Detroit’s Boogaloo Sandwich: Sloppy Joe Meets Philly Cheesesteak

When we think of Detroit food the Coney Dog comes to mind.   It has the same lineage as our Cincinnati Chili Cheese Coneys.   The chili is a bit different – thicker – but from the same Greek immigrant wave that brought us the Kiradjieffs and Empress Chili 100 years ago.   

But there’s another sandwich in Detroit that doesn’t get as much PR as the Detroit Coney, and it’s a remnant of the African-American Community northwest of downtown.

It’s called the Boogaloo sandwich, and has been described as an amped up Sloppy Joe, Manwich, or Loose meat sandwich.    It was created sometime in the late 1960s by Jean Johnson, who with her husband, Barney, owned Brothers Open Pit Bar-B-Que at two locations – Fullerton at Roselawn, and Curtis at Wyoming.   You could almost call it a food of the Civil Rights Movement.  Later, the Curtis location was moved to a larger restaurant around the corner.
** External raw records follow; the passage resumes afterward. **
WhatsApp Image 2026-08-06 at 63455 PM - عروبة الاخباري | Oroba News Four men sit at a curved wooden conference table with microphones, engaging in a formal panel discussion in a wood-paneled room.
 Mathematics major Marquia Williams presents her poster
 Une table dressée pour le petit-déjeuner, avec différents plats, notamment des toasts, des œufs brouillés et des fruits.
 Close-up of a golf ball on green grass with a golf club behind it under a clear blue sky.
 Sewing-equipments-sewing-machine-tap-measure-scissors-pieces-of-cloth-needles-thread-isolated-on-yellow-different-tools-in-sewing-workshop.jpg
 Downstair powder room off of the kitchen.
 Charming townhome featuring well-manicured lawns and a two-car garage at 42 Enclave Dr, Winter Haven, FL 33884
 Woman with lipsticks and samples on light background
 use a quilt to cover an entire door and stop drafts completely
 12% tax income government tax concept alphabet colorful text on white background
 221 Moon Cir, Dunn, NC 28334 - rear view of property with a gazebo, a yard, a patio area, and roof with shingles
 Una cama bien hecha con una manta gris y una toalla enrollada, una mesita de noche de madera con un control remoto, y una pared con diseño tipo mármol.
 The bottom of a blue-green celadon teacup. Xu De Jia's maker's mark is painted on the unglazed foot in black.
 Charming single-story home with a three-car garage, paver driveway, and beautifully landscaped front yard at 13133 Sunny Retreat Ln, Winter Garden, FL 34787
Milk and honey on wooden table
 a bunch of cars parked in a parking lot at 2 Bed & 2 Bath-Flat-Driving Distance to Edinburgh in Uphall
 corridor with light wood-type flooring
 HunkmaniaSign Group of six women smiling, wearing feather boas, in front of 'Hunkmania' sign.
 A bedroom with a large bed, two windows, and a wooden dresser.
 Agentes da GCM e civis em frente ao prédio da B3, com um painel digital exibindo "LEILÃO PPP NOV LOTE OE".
The story is that an unnamed student of local Mumford High School said that the sandwich was so good it made you want to dance the Boogaloo.

Wyoming and Curtis had once been one of the main shopping and restaurant areas of Detroit’s Jewish community. It was just northwest of the Catholic Polish and Eastern European neighborhood of Hamtramck.   The Eastern Ashkenazi Jews who came in the same wave of immigration settled outside the Catholic neighborhood. When Brother’s first opened , there were still a few Jewish businesses on those blocks, and folks could still grab some tref-y ribs from the non-kosher Brothers BBQ to go with an armload of fresh rye bread, corned beef and kosher salami.

The Boogaloo sandwich was made with flattop grilled ground pork with Jean’s famous “sauce of the islands”, mustard, diced onions, green peppers, and melted American cheese served on a grilled French roll.     Jean’s is a tangy, herby, slightly sweet tomato-based sauce with a little kick and perhaps a Jamaican element.  The internet has offered several versions of the Sauce of the Islands, but no one knows the exact recipe.    The Johnsons had a son named Clifton, who also worked at the restaurant after school, and folks have tried to track him down to get insight into the secret Sauce of the Islands.

The sandwich, with its sauce, became such a neighborhood favorite that other local restaurants offered their own versions.    Akbar’s on Livernois used to serve a similar sandwich that was just as good many say.

There’s a first hand review in the New York Times of BBQ restaurants from Sunday, July 3, 1988 that mentions the Brothers Boogaloo sandwich:

Brothers Bar-B-Que, Detroit, Mich. 581 East Jefferson Avenue; 313-963-7298 COMMENTS AND HOURS: Just across the street from the gleaming Renaissance Center, Brothers has an atmosphere that is strictly Down Home. Pork ribs are the specialty, slathered in Jean Johnson’s sweet, spicy Sauce of the Islands. Another favorite is the Boogaloo sandwich – French bread filled with ground pork, cheese, onions, green peppers and sauce. Open 11:30 A.M. to 9:30 P.M. Monday to Thursday, 11:30 A.M. to 11 P.M. Friday and Saturday; closed Sunday. Second location [[not sampled): 18091 Wyoming Street.

Chef Greg Beard’s Soul ‘N’ The Wall restaurant in the former Brothers BBQ

When Brothers closed in the mid 1990s, the Boogaloo sandwich closed with it.    That was until 2007 Chef Greg Beard opened his restaurant Soul “N” the Wall in the former Brothers Bar-B-Que spot on Curtis and Wyoming.

Originally Chef Greg did not offer the sandwich, but was urged by former Brothers customers to bring it back to the neighborhood.   He researched the sandwich and the sauce and came up with an iteration that cult lovers of the original – now in their 60s – said was pretty darn close.   He won’t reveal the sauce recipe but he says molasses and garlic are key ingredients. 

Chef Greg’s Boogaloo is known as the Boogaloo Wonderland Sandwich.  Beard added the latter part as an homage to his good friend Allee Willis, who also went to Mumford High School in the neighborhood and co-wrote Earth, Wind, And Fire’s hit “Boogie Wonderland.” Perhaps Willis’ best known cut is the Friends theme song, “I’ll Be There For You.”

Greg’s version of this iconic sandwich is made with pork, like the Brother’s original, but he also makes it in steak, veggie, and chicken to accommodate different tastes.   He’s even willing to add habanero or jalapeno peppers to offer a spicier version.

As for the sauce Chef Greg sees it as a grocery shelf staple, used for dipping mozzarella sticks, as a pizza sauce, or even a base for chili.     He has brought back a significant regional food that holds the history of his Northwest Detroit neighborhood.